“Que tu sangre encienda la chispa de la libertad. COPEL”
Escrito en una rudimentaria pancarta, este deseo encabezaba, junto al recuerdo de “Tus compañeros anarquistas”, la comitiva que trasladó el féretro de Agustín Rueda desde el Instituto Anatómico Forense hasta la plaza de Cibeles. Tres días antes, la madrugada del 14 de marzo de 1978, había fallecido víctima de los golpes de un grupo de funcionarios de Carabanchel.
De esta forma tan brutal se volvía a poner de manifiesto que los muros de las prisiones a duras penas podían contener la lucha antagónica y sin reglas entre las ansías de libertad de los reos y la voluntad inmovilista de la administración y los carceleros por impedirlo.
Un año antes, en la misma prisión, se habían dado a conocer las siglas de la Coordinadora de Presos en Lucha (COPEL). Desde su creación, esta plataforma se propuso erigirse en la representante de los olvidados tras las rejas. Sus miembros denunciaban la pervivencia de leyes, tribunales y funcionarios de indudable corte franquista, así como el deplorable régimen de vida a que estaban sometidos y, por encima de todo, la marginación de la amnistía tras la muerte del dictador. Aquellos hijos del extrarradio crecidos a la sombra del desarrollismo, vagos y maleantes que amenazaban el orden público a base de tirones de bolso y robo de vehículos a motor, habían conseguido dotarse de un discurso propio, fuertemente influenciado por la crítica antiautoritaria post-68 y la efervescencia política que se vivía en la calle. Se habían proclamado presos sociales (retomando una denominación que ya habían usado los presos anarquistas en los años veinte y treinta), para reivindicarse víctimas de la dictadura y, por tanto, con derecho al mismo trato que sus compañeros políticos de reclusión.

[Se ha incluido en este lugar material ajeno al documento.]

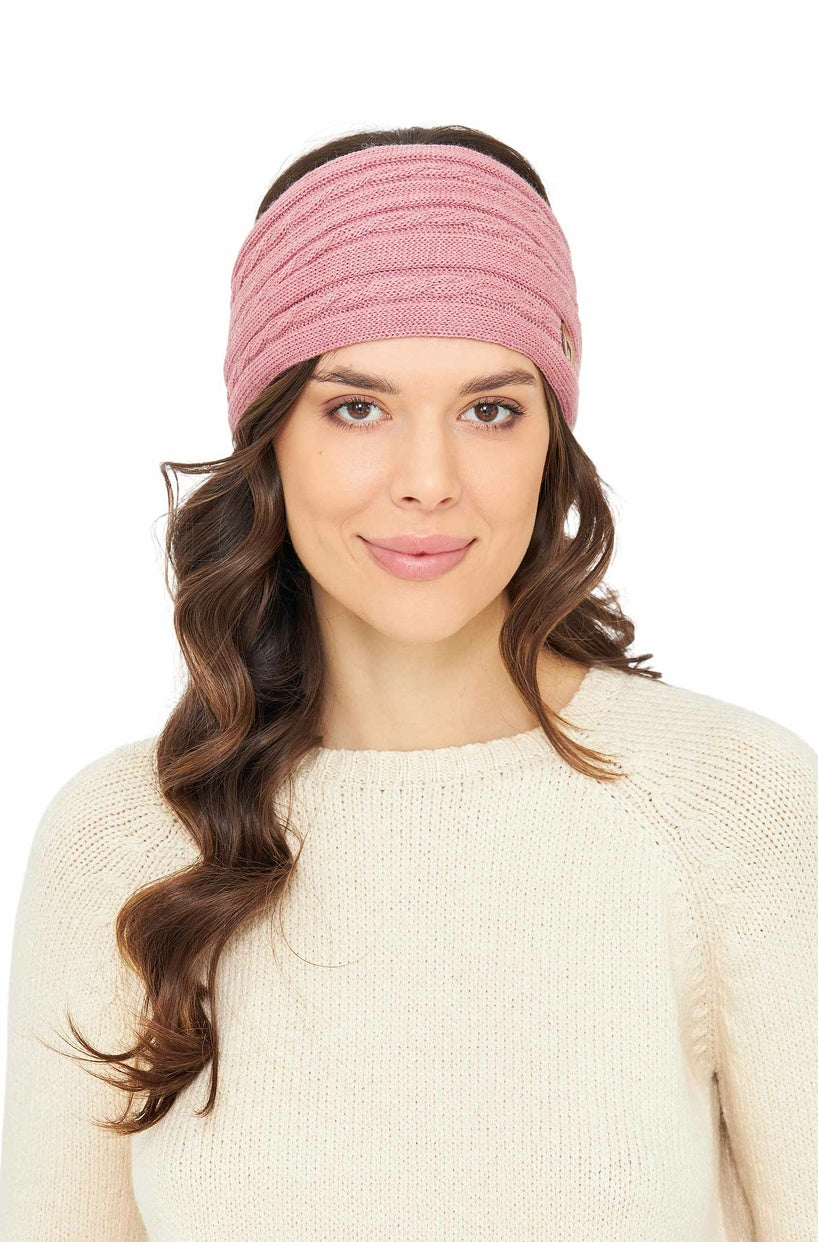 Alpaka Stirnband SUAVE - 100% Alpaka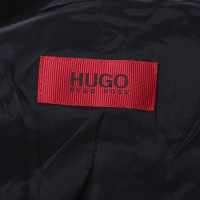 Hugo Boss Samt-Blazer in Schwarz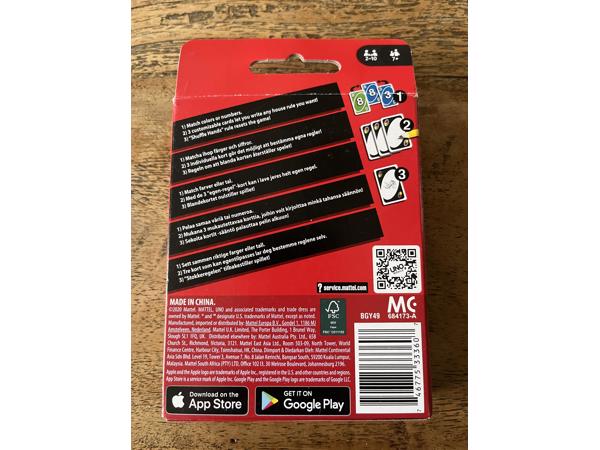 UNO gezelschap kaartspel NIEUW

Para darse a conocer, los miembros de COPEL dirigieron centenares de instancias al Rey, redactaron manifiestos e informes a la prensa y se sentaron en los patios reclamando un interlocutor, pero la única respuesta que obtuvieron fue el silencio y la represión. Palizas, aislamiento y traslados no tardaron en empujarlos a los tejados en busca de la visibilidad que la Administración les negaba. Gracias a la dispersión que pretendía acabar con las protestas, las consignas de COPEL se dieron a conocer en la mayoría de prisiones, dónde a su vez otros presos formaron nuevos grupos que multiplicarían las revueltas. Sólo en 1977 hubo más de cincuenta motines, nueve de ellos con grandes destrozos e incendios, por toda la geografía española.
Mientras, en la calle, los Comités de Apoyo a COPEL de diversas ciudades o los miembros de la Asociación de Familiares y Amigos de Presos y Ex Presos (AFAPE), en Madrid, entre cuyos participantes la corriente libertaria era mayoritaria, gritaban “Presos a la calle, comunes también” (o en su versión más radical e irónica, “…políticos también”). El movimiento ácrata fue el principal apoyo organizado de los subidos a los tejados, si por la precaria y recién reconstituida CNT y sus grupos satélites podemos entender una organización más o menos estable. La postura oficial de la Confederación, favorable a una amnistía total, quedó recogida en declaraciones de sus líderes, como las expresadas en los mítines de Mataró (octubre 1976), San Sebastián de los Reyes y Montjuic (marzo y julio de 1977); la de sus militantes de base, en la actividad cotidiana de sus comités pro presos, encargados de la defensa y el apoyo a los muchos simpatizantes (con y sin carné) que cayeron detenidos –a menudo acusados sin pruebas sólidas–, pero también a presos sociales que no tenían más que una relación muy circunstancial con la organización.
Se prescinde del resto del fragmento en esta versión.